Given:
The expression is:
[tex]\dfrac{1}{a+b}+\dfrac{2a}{a^2+b^2}+\dfrac{4a^7+4a^3b^4}{b^8-a^8}[/tex]
To find:
The simplified form of the given expression
Solution:
Formula used:
[tex]x^2-y^2=(x-y)(x+y)[/tex]
We have,
[tex]\dfrac{1}{a+b}+\dfrac{2a}{a^2+b^2}+\dfrac{4a^7+4a^3b^4}{b^8-a^8}[/tex]
It can be written as:
[tex]=\dfrac{1}{a+b}+\dfrac{2a}{a^2+b^2}+\dfrac{4a^3(a^4+b^4)}{(b^4)^2-(a^4)^2}[/tex]

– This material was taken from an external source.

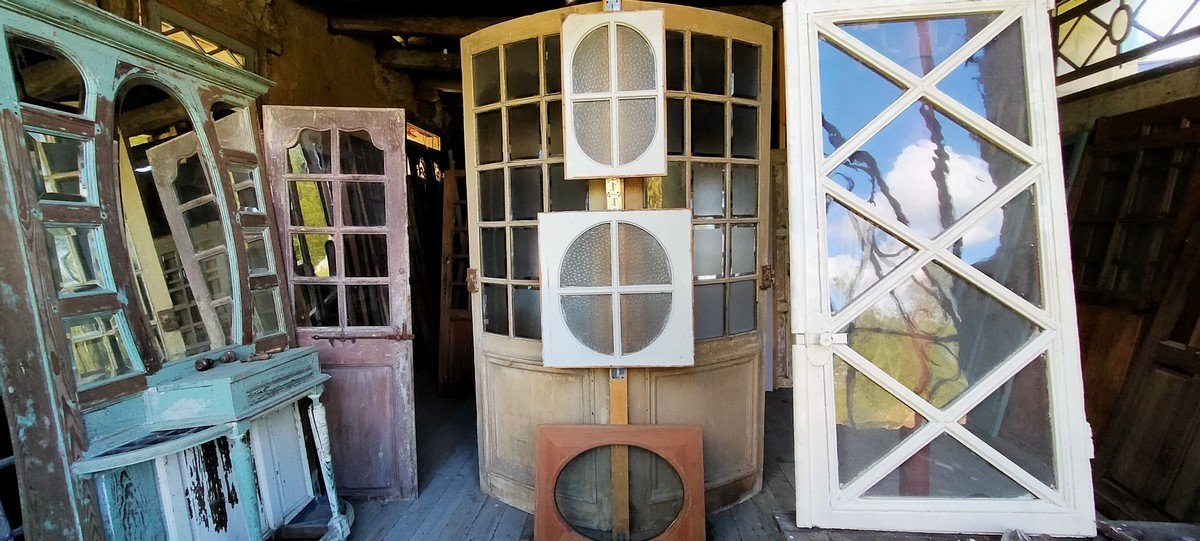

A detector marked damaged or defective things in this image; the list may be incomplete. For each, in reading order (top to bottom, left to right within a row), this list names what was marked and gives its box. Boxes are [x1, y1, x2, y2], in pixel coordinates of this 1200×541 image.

peeling paint door [260, 107, 414, 500]
peeling paint door [784, 0, 1104, 532]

[tex]=\dfrac{1}{a+b}+\dfrac{2a}{a^2+b^2}+\dfrac{4a^3(a^4+b^4)}{(b^4-a^4)(b^4+a^4)}[/tex]
[tex]=\dfrac{1}{a+b}+\dfrac{2a}{a^2+b^2}+\dfrac{4a^3}{(b^2-a^2)(b^2+a^2)}[/tex]
[tex]=\dfrac{1}{a+b}+\dfrac{2a}{a^2+b^2}+\dfrac{4a^3}{(b-a)(b+a)(b^2+a^2)}[/tex]
Taking LCM, we get
[tex]=\dfrac{1(b-a)(b^2+a^2)+2a(b-a)(b+a)+4a^3}{(b-a)(b+a)(b^2+a^2)}[/tex]
[tex]=\dfrac{b^3+a^2b-ab^2-a^3+2a(b^2-a^2)+4a^3}{(b-a)(b+a)(b^2+a^2)}[/tex]
[tex]=\dfrac{b^3+a^2b-ab^2-a^3+2ab^2-2a^3+4a^3}{(b-a)(b+a)(b^2+a^2)}[/tex]
[tex]=\dfrac{b^3+a^2b+ab^2+a^3}{(b-a)(b+a)(b^2+a^2)}[/tex]
Using the grouping method factories the numerator.
[tex]=\dfrac{b(b^2+a^2)+a(b^2+a^2)}{(b-a)(b+a)(b^2+a^2)}[/tex]
[tex]=\dfrac{(b+a)(b^2+a^2)}{(b-a)(b+a)(b^2+a^2)}[/tex]
Cancel out the common factors.
[tex]=\dfrac{1}{b-a}[/tex]
Therefore, the value of the given expression is [tex]\dfrac{1}{b-a}[/tex].